Masekane: a crisis in the heart of Woodstock
A hacking cough comes from the motley group of people huddled together in a flimsy shack alongside the railway line near Woodstock’s industrial area. It could be from the smoke from the fire; it could be from the cigarette smoke that fills the shack – or it could be tuberculosis.
This is an environment where the TB bacterium thrives and it is not long before stories emerge of people getting sick here.
The Masekane informal settlement is a place of socio-economic crisis. And until recently the City of Cape Town’s health officials were not even aware of its existence.
There are no basic services available at present to those who live here and they often wash in a nearby stream.
The group in the shack includes a Tanzanian and a Zimbabwean who share the space with a 30-year-old drifter from somewhere on the Cape Flats and a homeless woman from Woodstock.
Social problems have brought them together here. Some of them have resorted to selling unga to survive and this has attracted local drug users to the area.
Masekane was once a more organised community with dozens of shacks, until a fire razed it to the ground in 2010.
It has sprung up again but now the residents are spread more thinly in about 20 shelters, including a tent and makeshift living areas in the undergrowth, in a pile of boulders and along the unused railway track running parallel to the N1 highway towards Paarden Eiland.

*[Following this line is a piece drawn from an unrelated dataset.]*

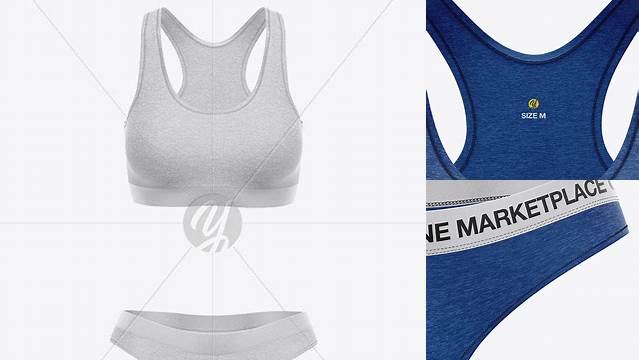 9364+ Melange Women`s Underwear Kit PSD Mockup Front View Editable Graphic Design Files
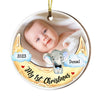 Personalized Elephant Baby And Moon First Christmas Circle Ornament 28745 1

Other people have settled in an abandoned building on the property.
One resident says he has been there for two years. “I have nowhere else to go. Every winter I get sick. The only time the authorities show any interest in this place is when they arrest someone for trespassing.”
A Woodstock resident who asked not to be named says he comes to Masekane sometimes to “score”.
“The people who sell drugs here are not high-fliers. They are just surviving.”
He says some of the residents have TB.
He speaks of a young woman who was a regular in the area until one day she just collapsed. He doesn’t what happened to her afterwards but she hasn’t been seen again.
“I have literally seen them carry bodies away,” he says.
The City of Cape Town has said it would look into providing certain basic services for the residents. But the Passenger Rail Agency of South Africa (Prasa), which owns the land, wants them removed.
“We are concerned about this as we had cleared this site of squatters in the past in collaboration with the City and Transnet. The site does not have any services and is close to the City’s waste site, making it even more unsuitable for human settlement,” says Lindelo Matya, regional Manager of PRASA Corporate Real Estate Solutions “We have asked our security division to work with the City to regularly remove any squatters from occupying the site and old building on the site, which was an old substation, totally unsuitable for human settlement,” Lindelo says.
“Providing services is not a suitable solution and these people need to be accommodated elsewhere. We will again engage with the City in this regard.”
He said there were plans to let the premises to Robertson & Caine International Yachts whose headquarters are situated directly opposite Masekane.
Councillor Benedicta Van Minnen, Mayoral Committee Member for Health, says the City was unaware that the area had been settled again after the fire.
“A number of years ago there was a settlement in the area which was known as the Railway site. After a fire, people resettled in Delft. City Health was not yet aware that people had again resettled in the area as the area has become overgrown. “She says drinkable water, sanitation and refuse removal are made available to the residents of any informal settlement.
“City Health will engage with the Passenger Rail Agency of South Africa and request that the overgrown bushes be cut and to ensure that the required services are provided to residents on their property,” she says.